*DATA SUPPLIED*.
BEGIN

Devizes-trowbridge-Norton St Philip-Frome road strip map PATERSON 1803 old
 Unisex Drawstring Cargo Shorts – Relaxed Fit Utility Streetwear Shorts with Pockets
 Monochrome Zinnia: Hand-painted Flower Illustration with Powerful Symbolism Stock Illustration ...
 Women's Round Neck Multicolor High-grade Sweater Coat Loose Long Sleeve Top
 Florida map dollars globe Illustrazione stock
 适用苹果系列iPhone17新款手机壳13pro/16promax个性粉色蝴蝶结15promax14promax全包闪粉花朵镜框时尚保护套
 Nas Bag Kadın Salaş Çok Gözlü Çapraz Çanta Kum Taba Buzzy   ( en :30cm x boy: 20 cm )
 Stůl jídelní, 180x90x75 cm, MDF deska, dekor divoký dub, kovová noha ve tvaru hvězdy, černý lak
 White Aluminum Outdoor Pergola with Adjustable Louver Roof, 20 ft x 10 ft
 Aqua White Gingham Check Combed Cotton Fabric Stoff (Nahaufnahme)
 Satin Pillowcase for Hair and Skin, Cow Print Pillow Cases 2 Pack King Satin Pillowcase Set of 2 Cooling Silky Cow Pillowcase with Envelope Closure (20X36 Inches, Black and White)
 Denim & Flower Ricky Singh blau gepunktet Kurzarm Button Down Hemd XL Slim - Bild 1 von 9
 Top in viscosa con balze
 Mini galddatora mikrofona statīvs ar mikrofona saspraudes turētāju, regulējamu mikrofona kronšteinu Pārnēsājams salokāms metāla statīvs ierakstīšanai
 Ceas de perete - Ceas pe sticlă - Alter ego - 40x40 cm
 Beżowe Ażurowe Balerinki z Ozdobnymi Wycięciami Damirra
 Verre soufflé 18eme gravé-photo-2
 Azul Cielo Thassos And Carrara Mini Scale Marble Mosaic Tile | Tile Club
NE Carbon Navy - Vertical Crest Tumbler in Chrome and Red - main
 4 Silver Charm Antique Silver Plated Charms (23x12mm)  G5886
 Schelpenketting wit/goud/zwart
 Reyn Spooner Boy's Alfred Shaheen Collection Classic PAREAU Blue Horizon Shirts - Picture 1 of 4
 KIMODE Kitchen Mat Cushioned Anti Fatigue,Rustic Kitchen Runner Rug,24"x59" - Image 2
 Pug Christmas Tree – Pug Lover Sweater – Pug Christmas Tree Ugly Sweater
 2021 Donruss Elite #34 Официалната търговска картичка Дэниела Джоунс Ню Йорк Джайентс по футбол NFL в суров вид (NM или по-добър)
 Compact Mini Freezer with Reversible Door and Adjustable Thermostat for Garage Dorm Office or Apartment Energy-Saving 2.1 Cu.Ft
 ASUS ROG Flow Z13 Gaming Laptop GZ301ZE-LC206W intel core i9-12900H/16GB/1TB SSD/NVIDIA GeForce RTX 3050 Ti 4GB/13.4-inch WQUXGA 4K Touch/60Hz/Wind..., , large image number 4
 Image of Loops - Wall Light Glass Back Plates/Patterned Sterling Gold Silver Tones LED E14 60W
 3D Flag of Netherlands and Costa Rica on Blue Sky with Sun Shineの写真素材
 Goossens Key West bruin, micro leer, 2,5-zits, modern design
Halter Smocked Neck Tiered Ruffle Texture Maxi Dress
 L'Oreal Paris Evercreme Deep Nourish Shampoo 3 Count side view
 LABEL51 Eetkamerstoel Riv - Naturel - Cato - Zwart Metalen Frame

END

*EXERCISE DESCRIPTION*. Begin at the line above that has "Women's Round Neck" and stop after the line that has "Ceas de perete", copying each line exactly and adding nothing else.

*REPLY*.
 Women's Round Neck Multicolor High-grade Sweater Coat Loose Long Sleeve Top
 Florida map dollars globe Illustrazione stock
 适用苹果系列iPhone17新款手机壳13pro/16promax个性粉色蝴蝶结15promax14promax全包闪粉花朵镜框时尚保护套
 Nas Bag Kadın Salaş Çok Gözlü Çapraz Çanta Kum Taba Buzzy   ( en :30cm x boy: 20 cm )
 Stůl jídelní, 180x90x75 cm, MDF deska, dekor divoký dub, kovová noha ve tvaru hvězdy, černý lak
 White Aluminum Outdoor Pergola with Adjustable Louver Roof, 20 ft x 10 ft
 Aqua White Gingham Check Combed Cotton Fabric Stoff (Nahaufnahme)
 Satin Pillowcase for Hair and Skin, Cow Print Pillow Cases 2 Pack King Satin Pillowcase Set of 2 Cooling Silky Cow Pillowcase with Envelope Closure (20X36 Inches, Black and White)
 Denim & Flower Ricky Singh blau gepunktet Kurzarm Button Down Hemd XL Slim - Bild 1 von 9
 Top in viscosa con balze
 Mini galddatora mikrofona statīvs ar mikrofona saspraudes turētāju, regulējamu mikrofona kronšteinu Pārnēsājams salokāms metāla statīvs ierakstīšanai
 Ceas de perete - Ceas pe sticlă - Alter ego - 40x40 cm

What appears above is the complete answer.